Elias Hansen’s Light Sculptures are a dedication to the simple idea of creating an object that glows with light and pulls you in. These singular glass and light works are a meditation on materials and forms that Hansen has been experimenting with for the last decade. Pared down to their most basic moment, these are the things that keep him going, the reason he keeps returning to the studio and turning the lights on. He uses these objects to calm and invite us to “reset our own perspective and find a way to deal with the harshness of life”.
Denise Kupferschmidt’s Day Night Repeat paintings depict the cycle of the sun as it fades in and out of her urban environment. She uses painting this repetition, the comfort of a routine, the stability of a normalized existence to speak to current collective feelings of sadness and loss. Kupferschmidt cites science journalist Zoë Schlanger writings on ‘Solastalgia’ (a word coined by philosopher Glenn Albrecht to describe the feeling of ‘the pain or sickness caused by the loss or lack of solace and the sense of isolation connected to the present state of one’s home and territory’). Her paintings depict ‘watching the earthly elements of home morph into something that feels remote, while we stay put’.
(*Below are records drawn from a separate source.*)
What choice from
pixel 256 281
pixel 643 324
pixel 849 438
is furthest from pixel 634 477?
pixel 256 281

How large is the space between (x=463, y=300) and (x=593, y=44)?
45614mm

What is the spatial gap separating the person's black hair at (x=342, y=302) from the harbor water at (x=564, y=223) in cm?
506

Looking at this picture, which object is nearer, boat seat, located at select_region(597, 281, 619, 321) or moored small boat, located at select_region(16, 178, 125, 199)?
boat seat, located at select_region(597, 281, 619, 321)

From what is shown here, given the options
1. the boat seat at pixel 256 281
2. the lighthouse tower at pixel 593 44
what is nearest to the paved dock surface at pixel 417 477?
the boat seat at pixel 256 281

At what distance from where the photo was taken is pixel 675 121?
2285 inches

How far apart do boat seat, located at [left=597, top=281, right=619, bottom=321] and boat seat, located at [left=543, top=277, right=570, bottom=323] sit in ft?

Maysha Mohamedi sources her color palette for each painting from images in the 1972, multi-volume Family Circle Illustrated Library of Cooking. Published by the staple women’s magazine Family Circle, the cookbooks embody a dominant strain of 20th-century American domesticity and visual culture. Sweeping shapes of color are extracted from hues of vegetables and fruits in the illustrated recipes. Atop these washes the artist applies sporadic and repeating line work, drawing across the canvas with a lyrical intensity. The gestural, thin marks at times resemble the calligraphic script of Farsi, the artist’s native tongue; she often turns to her Persian-English Dictionary as an associative guide for mark making.
Hilary Pecis uses her surroundings as inspiration and paints outtakes from snapshots of dinner parties, friends’ homes, gardens, collections and libraries. Each are granted saturated life in visually stunning, modest memorials. The process of translating these photographs into paintings allows Pecis the opportunity to meditate on the specific moment and memory captured, helping her to create sincere translations of her own experiences. These are portraits without figures through which we glean an understanding of the artist herself.
In Miranda Fengyuan Zhang’s work, the material goes first, then come the ideas. She follows the lead of her wool and cotton thread, giving its path mystical enlightenment. Every piece is woven or knit in a trance-like state, where she gets lost in a land of colors, chosen to fit the feeling of a night in the desert or an afternoon on a lake. Figures reveal themselves with each stitch, driving her representations. Then she stretches her knittings and weavings on frames, creating the flatness of a canvas. A humble thread becomes pure color matter and doing so, ennobling the thread using the common language of knitting and weaving.